Alors que les États-Unis se détournent de l’Ukraine et de l’Europe, Emmanuel Macron a annoncé mercredi soir qu’il a « décidé d’ouvrir le débat stratégique sur la protection par notre dissuasion (nucléaire) de nos alliés du continent européen ». Le président dit avoir répondu à « l’appel historique du futur chancelier allemand » Friedrich Merz.
« En réalité, cela fait des années que le chef d’État tente d’ouvrir ce débat. C’était déjà le cas dans son discours de la Sorbonne en 2017, et dans celui de 2020 à l’École militaire. L’évolution internationale lui offre une opportunité parfaite de le promouvoir à nouveau », note Jean-Marie Collin, directeur d’Ican France, qui défend l’abolition des armes nucléaires.
Un outil d’insécurité
Le gouvernement français a précisé que Paris conserverait le contrôle total de son nucléaire militaire. Il s’agit donc de ne pas partager cette arme avec l’Europe, mais d’étendre les territoires couverts par la France. « Les pays européens sans dissuasion nucléaire étaient persuadés qu’ils étaient sous parapluie américain. Ils ont compris que l’assureur est défaillant, voire un traître », mesure Guillaume Ancel, ancien lieutenant-colonel et spécialiste des questions de défense.

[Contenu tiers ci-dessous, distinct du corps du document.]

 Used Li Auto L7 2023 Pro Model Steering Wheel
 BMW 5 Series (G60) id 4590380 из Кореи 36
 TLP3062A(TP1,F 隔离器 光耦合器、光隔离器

« Macron profite d’un contexte politique anxiogène pour renforcer sa place dans le monde. Mais il ne faut pas oublier que l’arme nucléaire ne favorise pas la sécurité : elle favorise l’insécurité », observe Patrice Bouveret, président de l’Observatoire des armements.
Quelle est d’ailleurs la portée effective de l’annonce du président, prise comme une provocation et une « menace » par les Russes ? « La bombe nucléaire ne protège que des bombes nucléaires. C’est un outil de suicide collectif et c’est pour ça qu’il est dissuasif. Si le calcul est de dire que la France lancera une bombe sur la Russie en cas de bombe nucléaire russe lancée sur l’Allemagne, au risque d’en prendre une à Paris en retour, tout cela reste très peu probable », rappelle Guillaume Ancel.
Peu probable, mais pas impossible. « La bombe nucléaire est faillible et n’empêche pas les guerres. Elle représente une menace permanente pour toute l’humanité. Nous n’avons aucune preuve que les ogives ne seront pas un jour utilisées avec des conséquences incommensurables, des destructions massives, des morts et des millions de réfugiés. L’annonce de Macron décrédibilise tous les traités de non-prolifération et de désarmement. Elle relance la course à la bombe. La dissuasion, c’est la possibilité de frapper à tout moment des populations civiles. C’est de cela dont on parle, et ce n’est servir ni la paix ni la sécurité de chacun », développe Jean-Marie Collin.